Segundo Elving, "a mentalidade de crise que se instalou no país depois do 11 de Setembro ajudou Bush a alijar a imprensa e apresentar a decisão como algo do interesse nacional e necessário até à segurança nacional". Com o mesmo argumento, o governo não apenas limitou o acesso da imprensa às suas decisões, como levantou novas barreiras à obtenção de documentos dos arquivos oficiais, garantida pela Lei de Liberdade de Informação (FOIA). Essa legislação foi adotada nos anos 70, em conseqüência do escândalo do Watergate, para tornar o governo mais transparente.

A ordem, hoje, é negar, em princípio, todos os pedidos. E usar as oportunidades que se apresentam para manter jornalistas contra a parede, mesmo quando isso envolve profissionais da imprensa que simpatizam com a administração. É o caso de Judith Miller, uma veterana repórter do New York Times que ajudou a construir o falso argumento sobre a existência das armas de destruição em massa no Iraque, que Bush usou para justificar a invasão do país. Ela poderá passar meses na cadeia por resistir a revelar fontes de uma reportagem que nunca escreveu.

Ken Auletta, o prolífico crítico de mídia da revista New Yorker, foi o primeiro a descrever a estratégia sobre a "irrelevância da mídia" adotada por Bush. Num extenso artigo que publicou em março, Auletta descreve um esclarecedor diálogo de Bush com jornalistas que cobrem a Casa Branca, durante um churrasco em seu rancho no Texas.

O presidente começou a conversa dizendo que só lê as páginas de esportes dos jornais e nunca assiste aos noticiários da televisão. "Como, então, o senhor fica sabendo o que o público pensa?", perguntou-lhe um repórter. Bush respondeu: "Você está fazendo uma enorme suposição, a de que você (da imprensa) representa o que o público pensa."

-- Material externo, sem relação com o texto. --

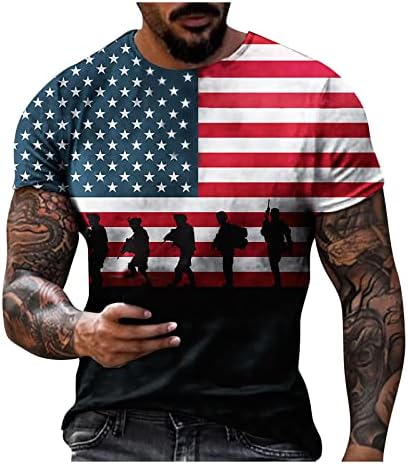 Американско знаме се вклопуваат во модерната маица со маички со маици со копчиња плус големина кошули со екипаж полиестер кул независност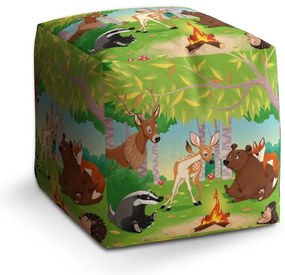 Taburet Cube lesné zvieratká 2, zelená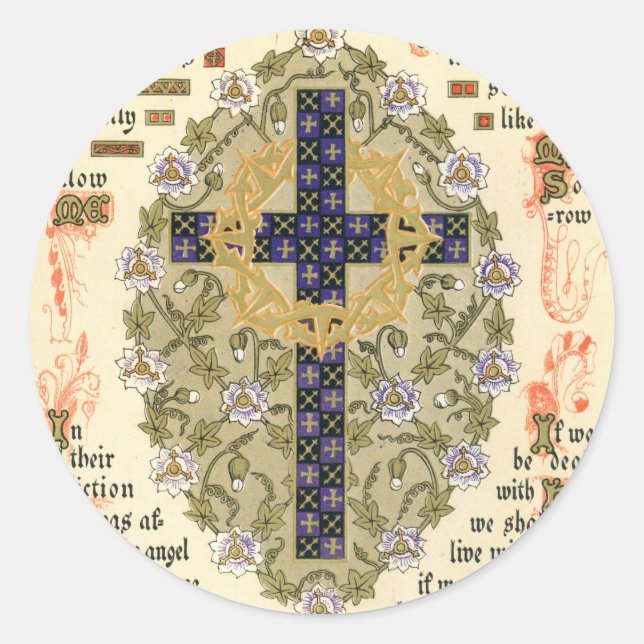 Illuminated Manuscript for Septuagesima and Lent Classic Round Sticker (Front)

Tensão sempre existiu entre a Casa Branca e a imprensa. "O que parece novo na Casa Branca de Bush é a incomum capacidade que demonstrou de manter a maior parte da imprensa longe, ao mesmo tempo em que controla a pauta do noticiário", afirmou Auletta. "Talvez pela primeira vez a Casa Branca tenha passado a ver os repórteres como um advogado em busca de maior acesso e melhores manchetes, como se a imprensa fosse simplesmente um outro grupo de pressão, e um grupo de pressão que não é nem de perto tão poderoso como já foi."

Para Elving, o desastre político e militar que se desenha no Iraque poderá forçar Bush a reavaliar sua relação com a imprensa. "Mas não há garantia, pois setores importantes da imprensa parecem persuadidos sobre os méritos da política da administração." Elving admite, porém, que, às vésperas de inaugurar seu segundo mandato, o ultraconservador presidente americano saboreia o sucesso de uma estratégia de ignorar a imprensa tradicional. Essa estratégia - diz ele - ironicamente muito deve à explosão dos novos meios de comunicação eletrônica, da televisão a cabo à internet e aos novos sistemas de difusão de informação baseados na telefonia celular, que, supostamente, levariam a uma democratização do poder.

Richard Viguerie, o publicitário da ultradireita americana que ajudou a levar Ronald Reagan ao poder, em 1981, transformando a mala direta em arma de divulgação de propaganda política, descreveu o fenômeno num livro intitulado A Virada à Direita da América, no qual explica "como os conservadores usaram os meios novos da mídia e a mídia alternativa para tomar o poder".